Trump's housing market
Dodd-Frank regulation (from uschamber.com)

Change is not always easy.  Sometimes we choose to change and other times we are forced to change.  The Great Recession forced massive change to many aspects of our lives – mostly financial.  Many found themselves out of work because of the recession, and many home owners lost their homes to foreclosure; while the rest of us searched for ways to cope.  It’s Mr. Trump’s housing market now.

As a result, the Dodd–Frank Wall Street Reform and Consumer Protection Act was quickly pieced together and signed into law in 2010.  “Dodd-Frank”, contained over two-thousand pages of regulations and rules, many of which were to be created at a later time by many agencies and unelected bureaucrats.  Dodd-Frank also created the Consumer Financial Protection Bureau, which took over RESPA, lending and consumer finance markets enforcement responsibilities.  The CFPB created the “Qualified Residential Mortgage” and “Know Before You Owe” rules that significantly impacted the mortgage and housing industries.

The purpose of Dodd-Frank and the CFPB was well intentioned as Congress sought a solution to prohibit future crises.  In the uncertain financial atmosphere that ensued, consumers wanted accountability from Wall Street and mortgage lenders.  While some continue to generally blame Wall Street and the mortgage industry for the financial crisis, the reality is that the dynamics that created the financial crises were complex.  And one can surmise from the many hearings, books, dissertations, and working papers that the crux of the financial crisis was widespread fraud that took advantage of a hot real estate market and easy money.

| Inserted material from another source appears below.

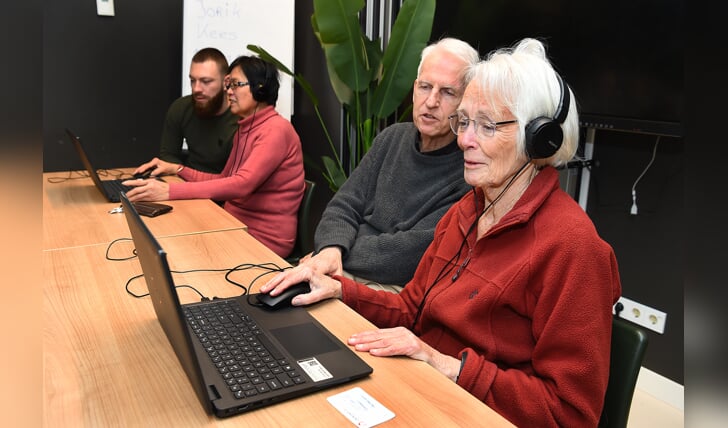 Adin Cizmic, Lolita Goorman, Marcel Sloot en Hermine Voorhuis (vlnr) tijdens de training 'digitale vaardigheden'. Foto: Roel Kleinpenning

Six years after Dodd-Frank, the rules and regulations keep coming.  Writing for the US Chamber of Commerce’s “Above the Fold,” J.D. Harrison pointed out that Dodd-Frank has created over 27,000 new federal regulations by thirty-two federal agencies impacting many industries (Dodd-Frank’s Regulatory Nightmare in One Rather Mesmerizing Illustration; uschamber.com).  Compared to the previous Wall Street reform in 2002, which had two agencies issuing regulations to only five industries.  Harrison stated that the Sarbanes-Oxley Act “basically sought more corporate transparency and accountability.”

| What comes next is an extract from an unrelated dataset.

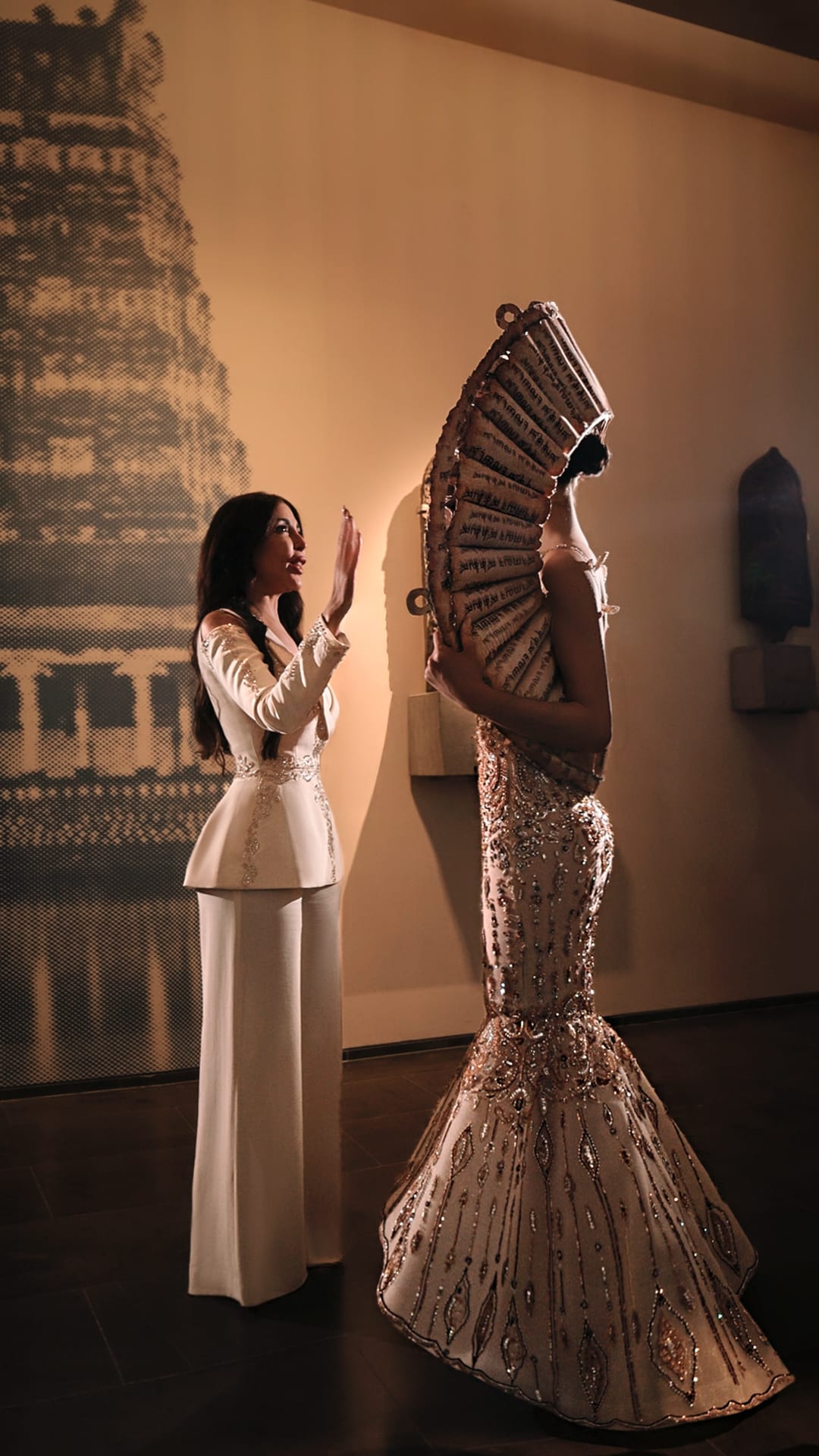 منال عجاج.. أول مصممة سورية تعرض في أسبوع الأزياء الراقية في باريس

Many have associated Dodd-Frank with the ongoing slow economic recovery, citing increased consumer costs and restricted lending – which effects the housing market, home buyers and sellers.

An example of increasing consumer costs is the CFPB’s TILA-RESPA Integrated Disclosure.  The Mortgage Bankers Association (mba.org) recently reported that compliance with TRID costs on average $210 per mortgage, some of which is recouped from the consumer.  The rule is also responsible for “slower application to closing times.”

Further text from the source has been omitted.